Cedí por su amor, porque no se merecían sufrir más de lo que estaban sufriendo. Y me alegro porque, gracias a que decidí volver a vivir, ahora, como os estaba contando, viajo por todos esos lugares del mundo en los que, por desgracia, no faltan el hambre, las enfermedades, la opresión y la injusticia.
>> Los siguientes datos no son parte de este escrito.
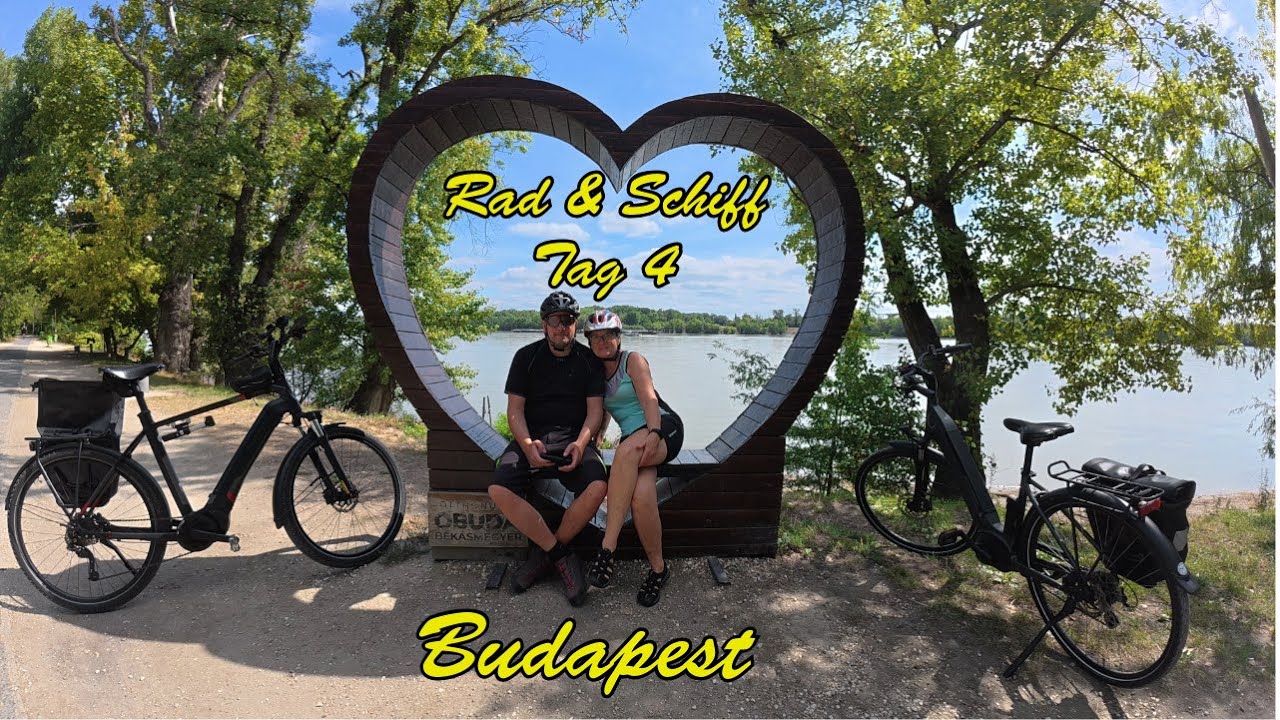 Rad & Schiff 2025 Tag 4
En medio del último de esos viajes he visto un accidente terrible: un coche a toda velocidad atropellaba a una chica de mi edad. Me he puesto a gritar y gritar sin que mis padres pudieran apaciguar mi angustia, mi congoja más profunda. Han llorado y han gritado conmigo, han compartido mi zozobra, me han abrazado y besado sin parar. El accidente que estaba viendo era un vídeo de YouTube cuyo enlace me había enviado por correo una compañera de clase. Le pedí a mi madre que lo clicara. Mis padres no pudieron reaccionar a tiempo: la chica que volaba por los aires impulsada por el golpe brutal del coche era yo. A pesar de mi empeño en recordarlo durante mi estancia en el hospital de parapléjicos de Toledo, no lo había logrado. El ordenador, gracias al cual yo viajaba por el mundo a través de Google Earth, se estrelló contra el suelo porque mi madre se había olvidado de sostenerlo para abrazarme, al tiempo que repetía sin parar «lo siento, hija, lo siento». No pudieron evitar que mi corazón oprimido amenazara con pararse: ese coche me había matado sin concederme la gracia de cerrarme los ojos para siempre. Y, ahora, cuando había logrado dar una tregua a mi pena por el cuerpo perdido, a mi desazón por no poder sentir las manos de un chico ni las de mis padres cuando me acariciaban, ese maldito vídeo venía a golpearme de nuevo y hacerme revivir lo que mi perspicaz mente había procurado ocultarme para no convertir mis noches de pesadillas en un paisaje aún más agrio. En ellas, yo era espectadora, y paciente a la vez, de cómo alguien sin rostro me desollaba desde el cuello a los pies y me dejaba en carne viva, sin el mayor de los sentidos, mi piel.